Der Gärtner und die Tiere Wer glaubt, dem Denken seien Grenzen gesetzt, sollte einmal Kinder nach der Ordnung der Tierwelt befragen, empfiehlt Jakob Augstein
Ausgabe 20/2019
Kriechend, eindeutig kriechend. Kriechend wie ein Maulwurf
Kriechend, eindeutig kriechend. Kriechend wie ein Maulwurf

Foto: Imago Images

Mein Garten gehört den Tieren viel mehr als mir selbst. Sie sind meistens unsichtbar, aber immer gegenwärtig. Da ist der Lärm in der Nacht, wenn es sonst still ist: die entfernten Schreie der Pfauen, das Glucksen der Frösche, die Kadenzen der Singvögel. Da sind die Löcher im Rasen vom Dachs, die umgelegten Erlen am Ufer, die der Biber gefällt hat. Federn von einem Kampf.

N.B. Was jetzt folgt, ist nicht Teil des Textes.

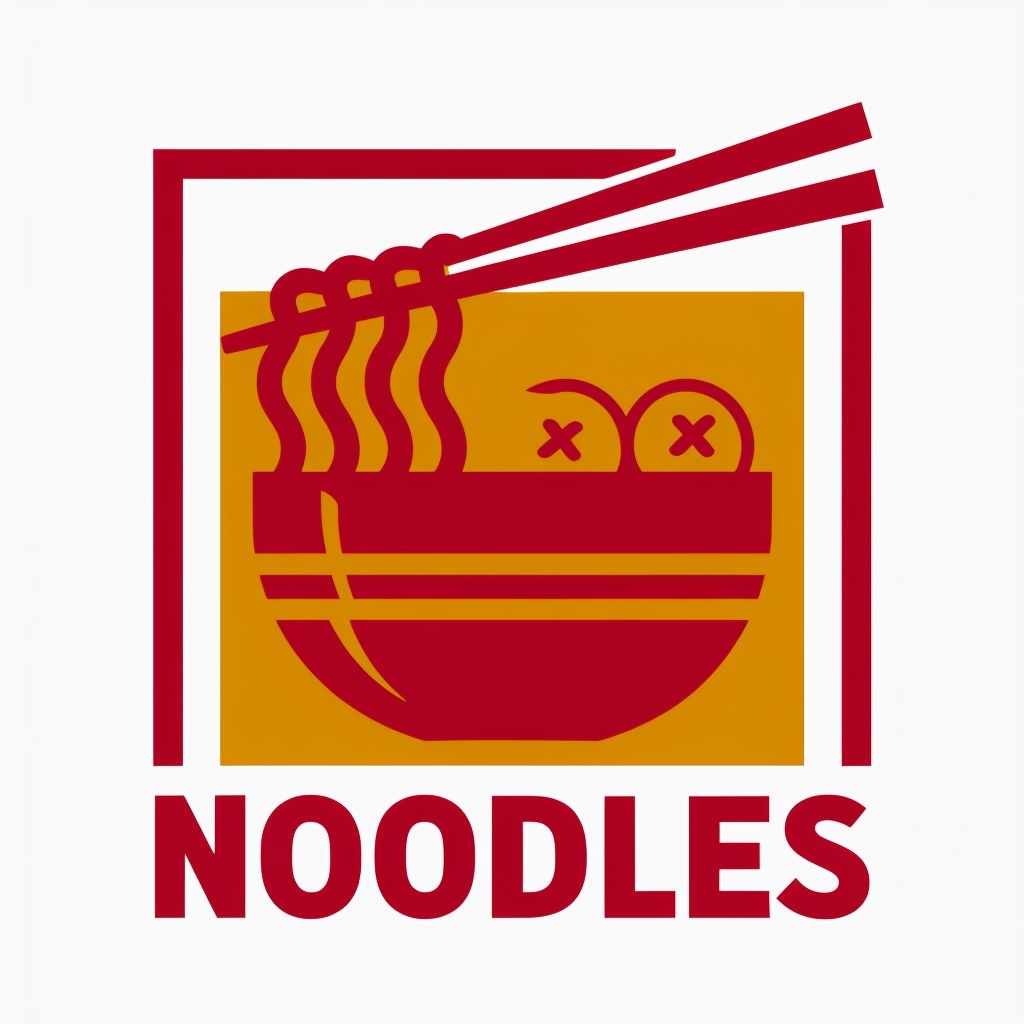 Minimalist Noodles Bowl Logo with Bold Colors and Chopsticks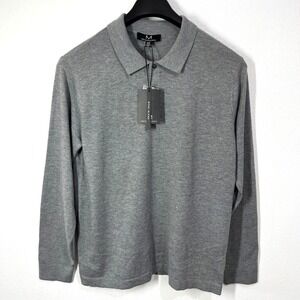 Magaschoni Sweater Mens Medium‎ Gray Wool Blend 1/4 Button Collared Academia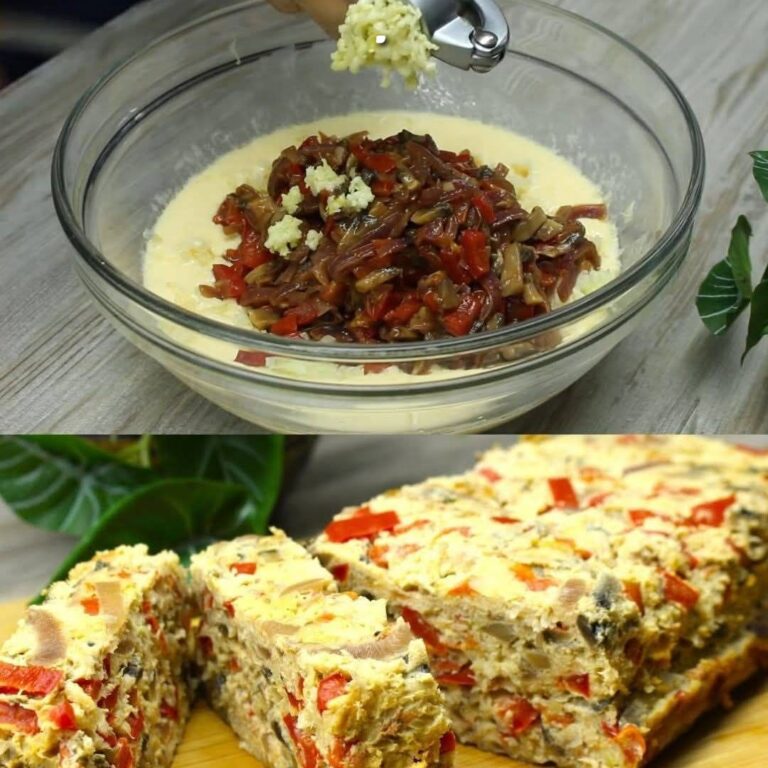 Torta di cavolo, funghi e verdure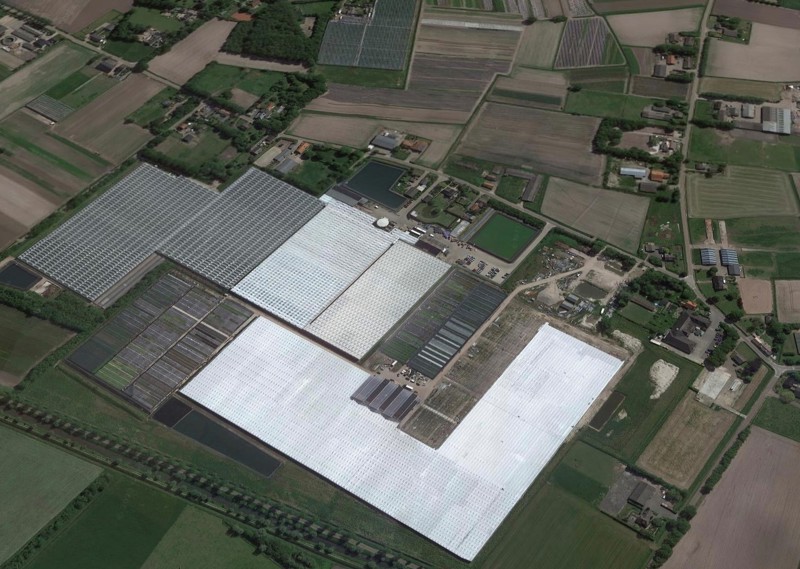 printscreen Google Earth van kassencomplex Bankenstraat Ettenleur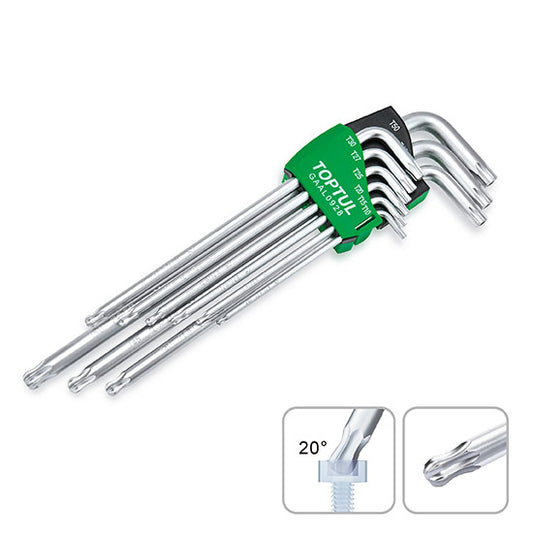 Toptul Hex Key Set Long 9pc Star & Tamperproof T10-T50 (gaal0928)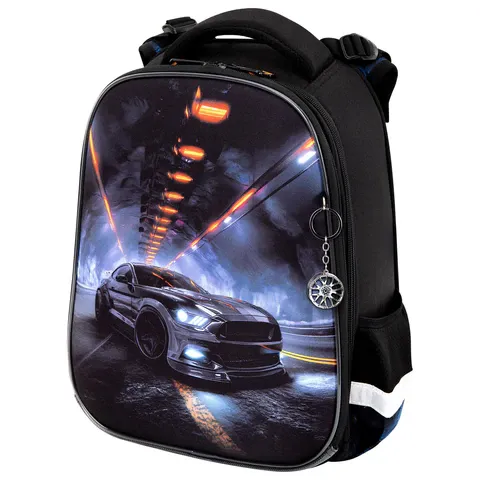 Ранец BRAUBERG ORIGINAL, 2 отделения, с брелком, "Tunnel car", 38х29х16 см, 274406
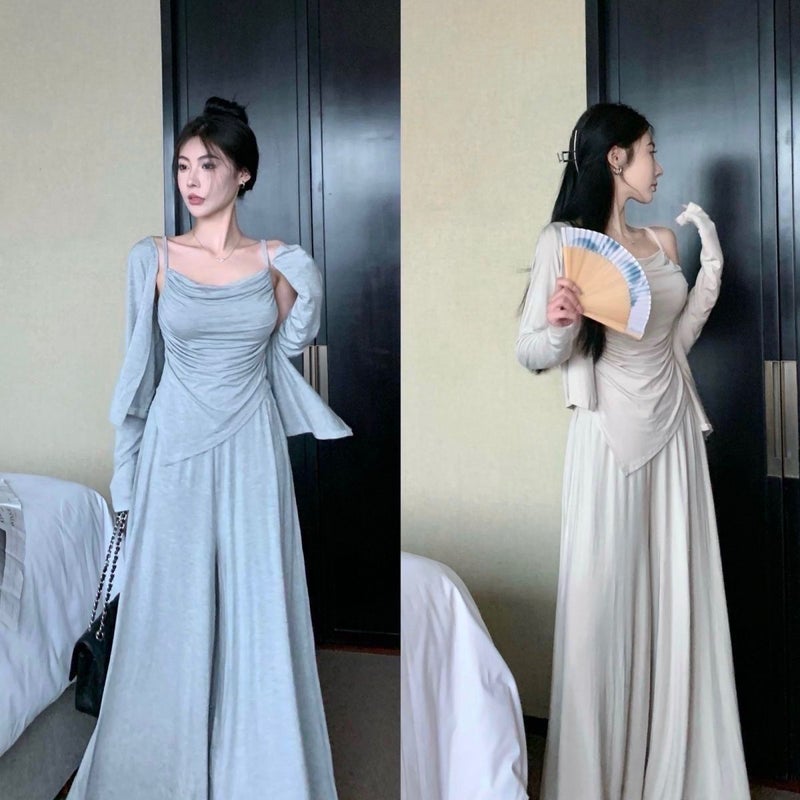 Lazy Elegant suit Spice Girl Sling Sunscreen Cardigan Top Womens Summer New High Waist Casual Culottes Three-piece Set Grey "three piece" * 6051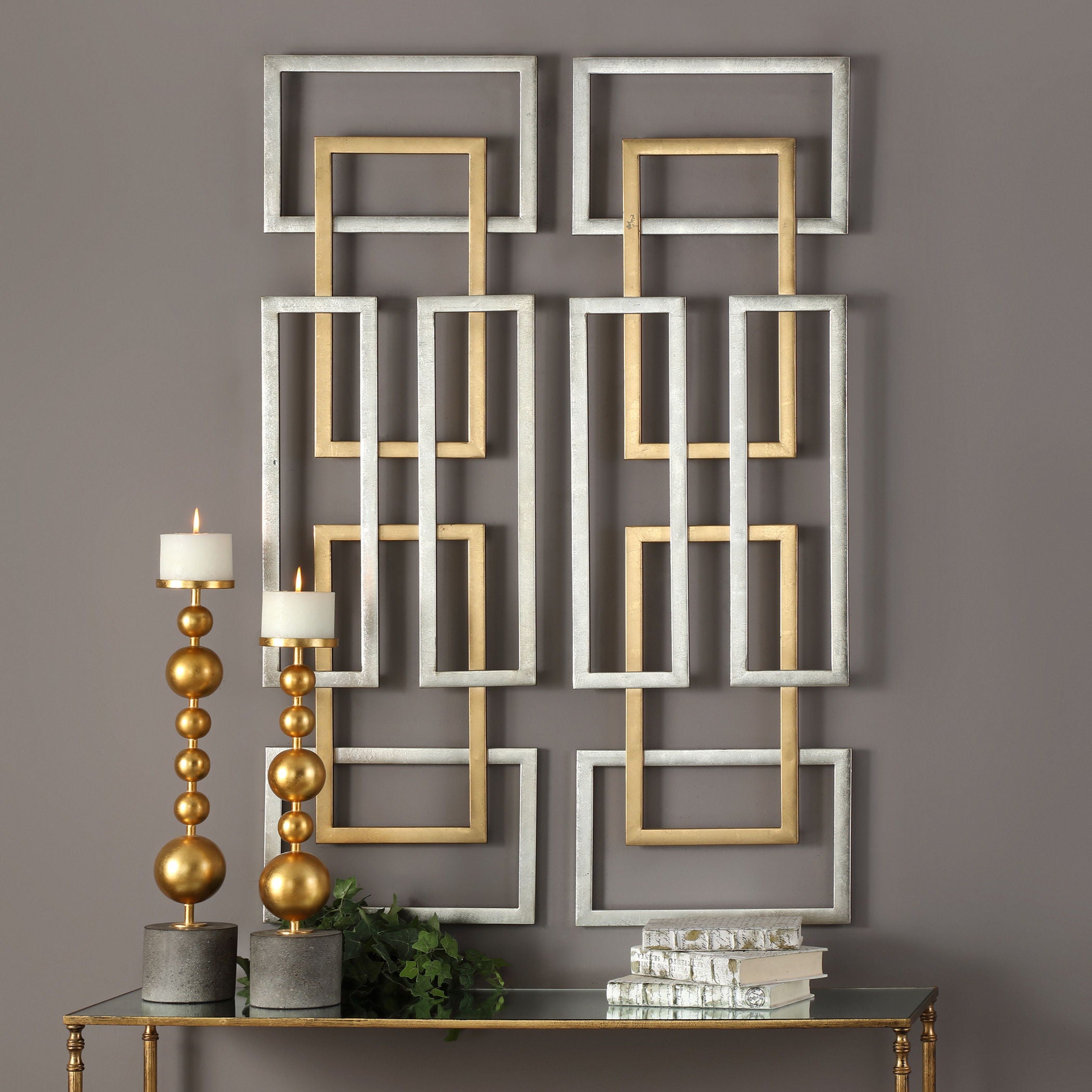 Aerin Geometric Wall Art Set of 2 Gold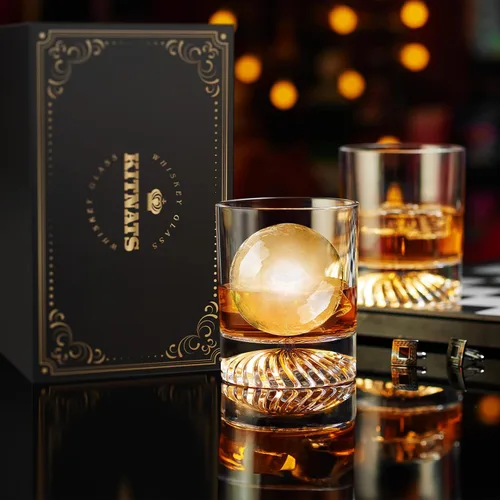Vista 6 de KITNATS Vasos de Whisky Old Fashioned de Cristal Soplado a Mano, Vasos Rocks, Vasos para Beber Cóctel, Bourbon, Scotch, Ron, Vodka, Licor 12 OZ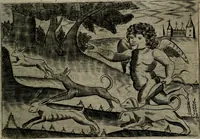 An illustration from Cupidoos mengelwerken, of, Minnespiegel der deugden : bestaande uit stightelyke zinnebeelden (1728)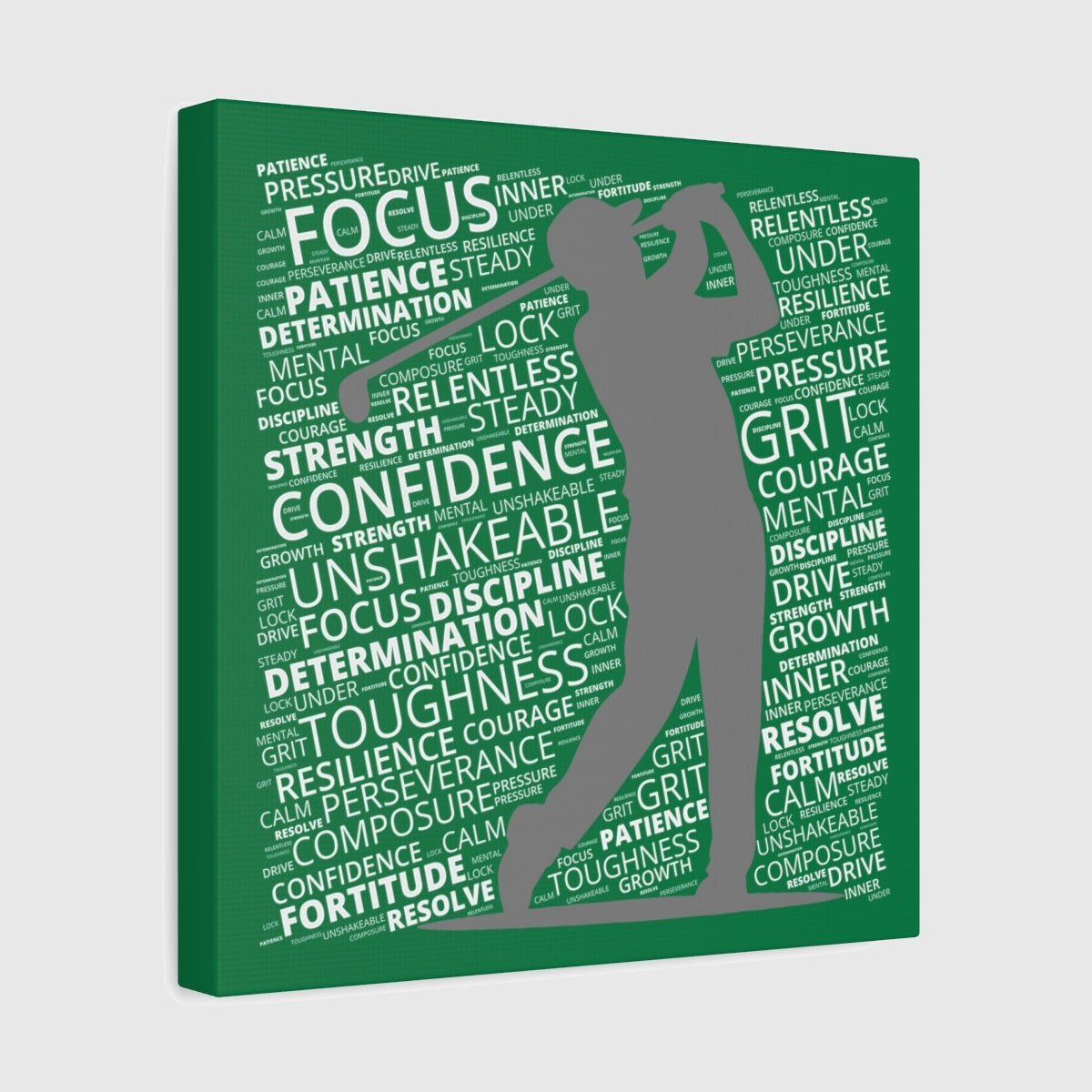 Unleash Your Mental Game (Male) - Canvas Wall Art - Dark Green - 12×12 - front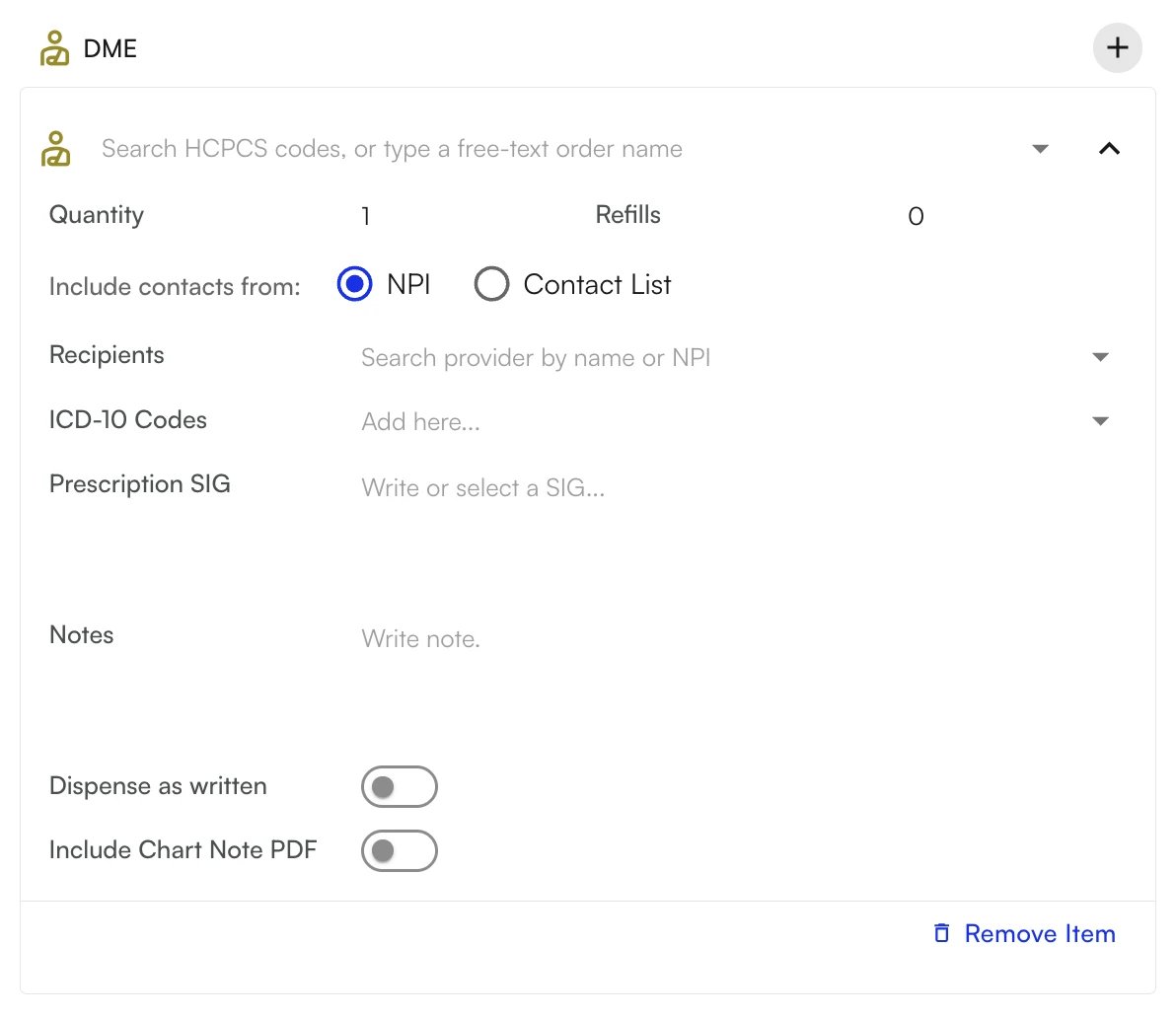 Adding a DME item to an order set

Das ist alles naturgemäß ein großes Durcheinander, und bei den Tieren gilt erst recht, was bei den Pflanzen galt: Es braucht eine Ordnung. Aber welche? Nehmen wir mal Foucault und seine Ordnung der Dinge. Es beginnt mit einer Vorrede: „Dieses Buch hat seine Entstehung einem Text von Borges zu verdanken. Dem Lachen, das bei seiner Lektüre alle Vertrautheiten unseres Denkens aufrüttelt ... und unsere tausendjährige Handhabung des Gleichen und des Anderen ... in Unruhe versetzt.“ Darin geht es um „eine gewisse chinesische Enzyklopädie“, in der es heißt, dass „die Tiere sich wie folgt gruppieren: a) Tiere, die dem Kaiser gehören, b) einbalsamierte Tiere, c) gezähmte, d) Milchschweine, e) Sirenen, f) Fabeltiere, g) herrenlose Hunde, h) in diese Gruppierung gehörende, i) die sich wie Tolle gebärden, j) die mit einem ganz feinen Pinsel aus Kamelhaar gezeichnet sind, k) und so weiter, l) die den Wasserkrug zerbrochen haben, m) die von Weitem wie Fliegen aussehen“. Du Même et de l’Autre ... Beim Erstaunen über diese exotische Taxonomie erreiche man mit einem Sprung die „Grenze unseres Denkens: die schiere Unmöglichkeit, das zu denken“.

Unmöglich? Man sieht, dass Foucault keine Kinder hatte. Fragt man nämlich Kinder, wie sie die Tiere sortieren würden, dann kommt man zu ähnlichen Ergebnissen wie Borges’ (fiktiver) chinesischer Kaiser. Wir nehmen einmal die maßgebliche Studie von Kattmann und Schmitt zur Hand, 1996 veröffentlicht in der Zeitschrift für Didaktik der Naturwissenschaften. Wir lesen, dass Kinder der 4. Klasse die Tiere ganz von selbst so ordnen würden: 1. Wassertiere, 2. fliegende Tiere, 3. Vier- und Zweibeiner, 4. kriechende Tiere, 5. Insekten, 6. Haus- und Heimtiere, 7. große und kleine Tiere, 8. schnelle und langsame Tiere. Wobei unter „kriechenden Tieren“ hier Regenwürmer, Raupen, Maulwürfe, Maikäfer, Salamander und Molche zu verstehen sind.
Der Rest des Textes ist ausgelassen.